Patrick Schmetzer’s detailed images exude authenticity, revealing the connections between identity, place and perceived behavior. For Patrick, photography is a process of acceptance, driven by an openness to the revelations each subject offers, rather than a desire to manipulate form or catalogue details. He achieves this vision by capturing and pausing those defining moments in the film where elements and spirits come together. Patrick is also very funny. Not mean hilarious, or swearing hilarious, and never at your expense. It’s a wholesome, vaguely American, quiet, sly fun, he’ll stare at you and burst out Ha! Patrick’s conversation style lends itself to long drives to scenic destinations. This interview was conducted during the COVID-19 pandemic, and those days are still in the rearview mirror.
Why do you photograph?
I take pictures because I have to, it’s my way of connecting with the world. It is a search for meaning and an attempt to connect with something bigger and even more lasting. Being able to take pictures is a huge gift and I can’t imagine my life without it. I’ve been searching, hoping to see the truth in any form. Part of me wishes to never find the absolute truth because the search itself is the gift that brings me so much joy. I have always had this insatiable desire to learn because I wanted to grow deeply as a person. I have this feeling that if I take another picture, I’ll be closer to the thing that’s been calling me to take pictures.
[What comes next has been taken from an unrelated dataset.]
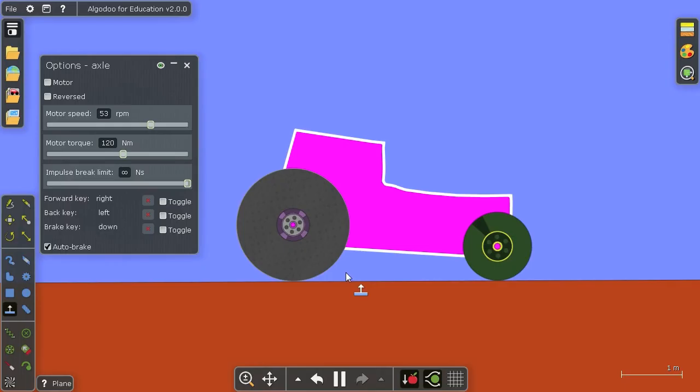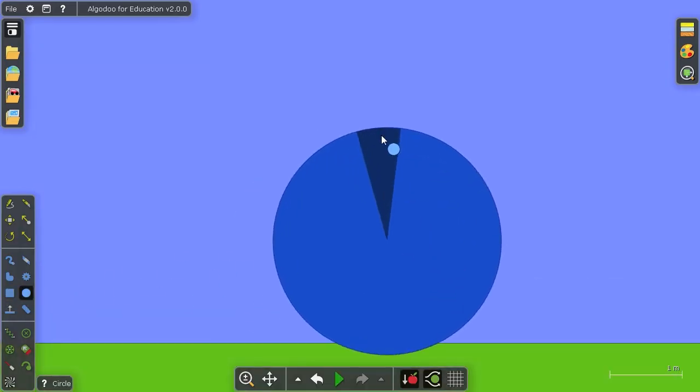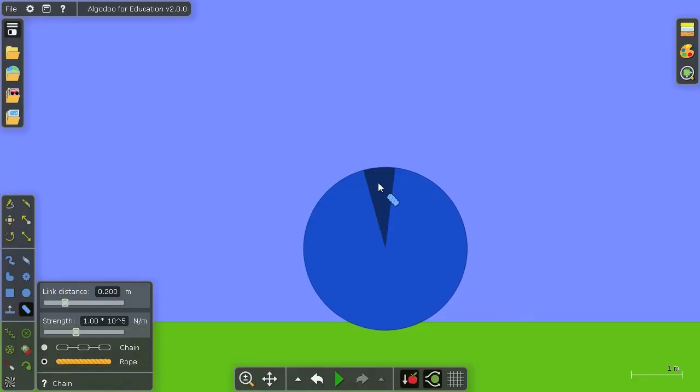Now there is also a few more options you can do. Most importantly there is the impulse brake limit. Let me show you how that works just real quick.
This is very purposeful. I can’t even imagine what my life would be like if I didn’t.
It’s part of what gets me out of bed in the morning and I can take another picture of the possibility. The experience begins to approach a miracle. I feel like there’s still this big chunk missing in my wholeness, so I make photos as a way of trying to find that wholeness. It’s an opportunity to maybe make a deep connection to the world and whatever I’m trying to photograph. I use photography as part of my practice. It is a desire to connect with something greater than myself, even greater than human beings. I saw it on the white sand plains. I see this on the faces of people I’ve photographed. I am amazed that I can make this my life and am amazed at the generosity and support of others.
What drives your choice of subject matter?
How I choose a subject is really out of knowing it; a better understanding of its subtleties, its nuances, even its beauty. When I take pictures, it’s one of the happiest experiences of my life. I came home at the end of the day feeling very satisfied and spent. Even if I don’t come back with a perfect image, I feel like I’m one step closer to achieving it. For me, the goal in life is to move an inch a day and become a better version of myself. Even if I didn’t come back with a masterpiece, I moved my hands and feet. I’ve learned a few things that will be helpful for my future photos and who knows what else.
What do you think the next period of your life is going to look like photographically? Do you have any photographic hopes, wishes, and dreams?
For me, making images is part of a long-term continuum. Each image brings me a little closer to that thing, a little bit more clearly, but I can’t see the whole picture yet. I don’t really have a map, I just know it’s somewhere on the next horizon. place to call. When I look back on my previous projects, I never knew. There are many views. My photos and themes finally found me. I don’t know what’s on the horizon next, and part of me loves it. As far as dreams go, there are a lot of places I’d love to have the opportunity to see and photograph because I’d love to learn about them and I feel like they can teach me something. Now, Greenland and the Faroe Islands are two places that strongly call me to. I don’t know what the future holds.